Applying for Cancellation of Removal as a Green Card Holder
Cancellation of removal is a form of immigration relief that is commonly sought by legal permanent residents in the U.S. who have been placed in removal proceedings. You can read more here about its eligibility requirements. The process of applying for cancellation involves a combination of completing certain forms and gathering substantial evidence to persuade the judge that you deserve to stay in the U.S., even though you are technically removable.
Once you convince the judge that you meet the threshold requirements to apply for cancellation, you will need to submit Form EOIR 42A. This covers information regarding your employment, your family members, and your activities during your residence in the U.S. While parts of the form contain questions related to the basic eligibility requirements, other parts are designed to elicit information that will guide the judge in deciding whether you deserve to stay in the U.S. You can consult an immigration attorney to advise you on how to complete the application in a manner that is honest but also presents your case in the best possible light.

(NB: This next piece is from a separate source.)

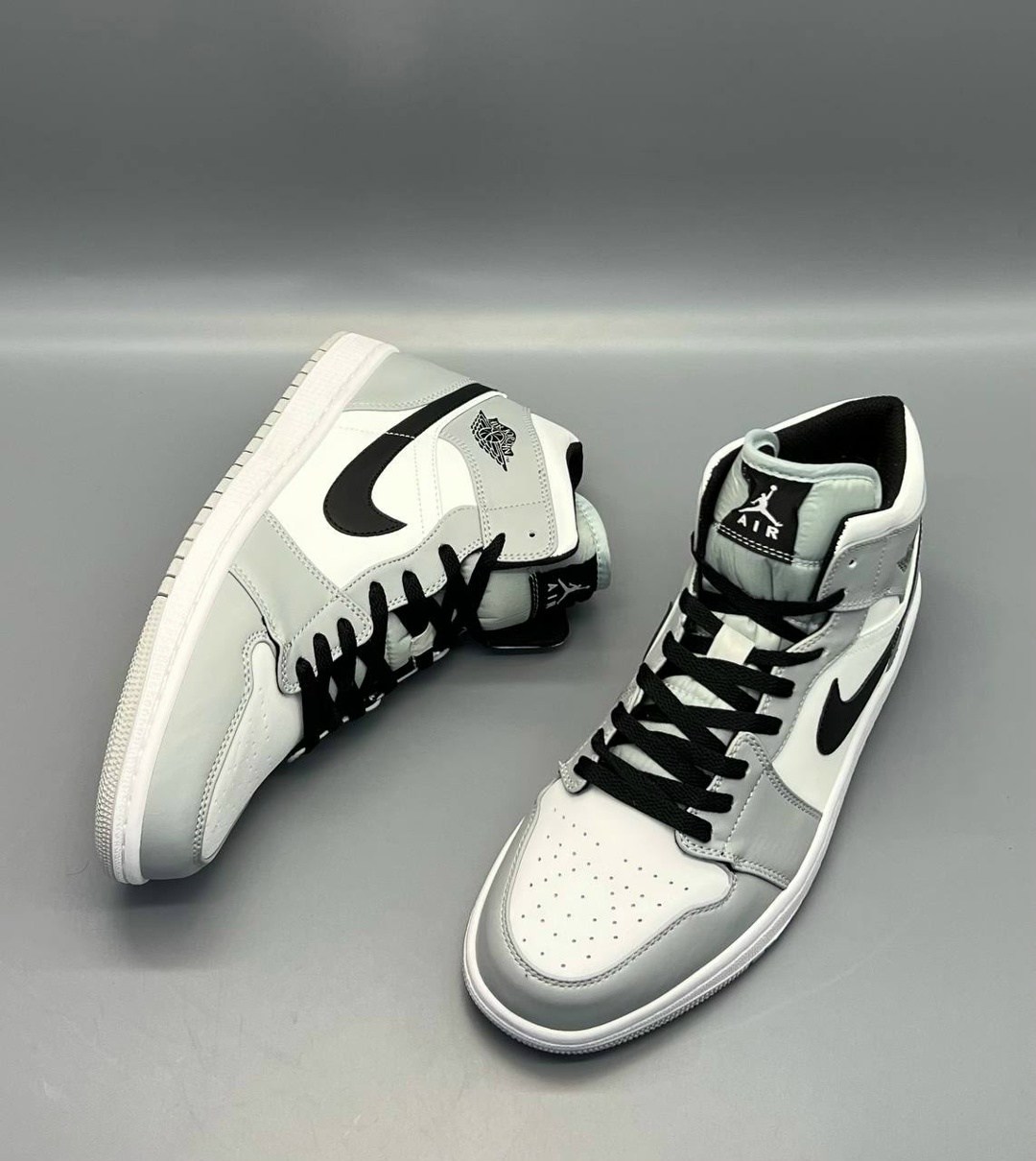 nike air jordan 1 mid,air jordan 1 mid light smoke grey,nike air jordan 1 mid se,nike air jordan 1,air jordan 1 mid
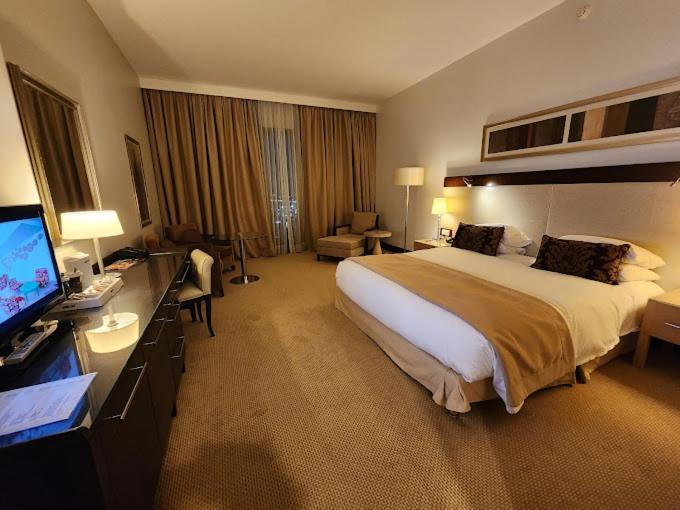 Hotel El Aurassi Isly ภายนอก รูปภาพ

You will need to pay a modest filing fee and also go to a biometrics (fingerprinting) appointment, which involves an additional fee.
Evidence for Threshold Requirements
You will need to make sure that you include documents to establish each of the threshold requirements for eligibility. Some documents may help prove more than one requirement. Evidence related to your residence in the U.S. might include your green card and Form I-94, documents related to your ownership or lease of property, any marriage certificate, birth certificates of children born in the U.S., records of jobs held in the U.S., and tax records. You also might submit affidavits from family members, friends, employers, and others who are aware that you meet the residence requirement, although this is not always necessary.
The biometrics analysis will lead to information about any criminal record that you may have. Since you will need to prove that you have not been convicted of an aggravated felony, you will need to provide certified dispositions of any arrests on your record.
Evidence for Discretionary Review
You should not underestimate the importance of proving that you deserve to keep your green card, once you have met the technical eligibility requirements. This requires the judge to make a subjective decision, so you will want to show that the humanitarian reasons for your continued presence in the U.S. outweigh the reasons why the government believes that you should be removed. The judge will consider not only the specific charge of removability that forms the basis of the proceedings but also any other history of criminal activity or immigration violations.
To counterbalance any adverse factors, you will want to show that you have strong family connections to the U.S., and your family members would suffer a hardship if you were required to leave the country. These family members can testify on your behalf at the hearing. You also will want to provide any evidence showing that you have held a steady job, contributed to the community, and spent a long time in the U.S. If you have criminal convictions, you can try to show that you have turned a new leaf and undergone rehabilitation from your crimes.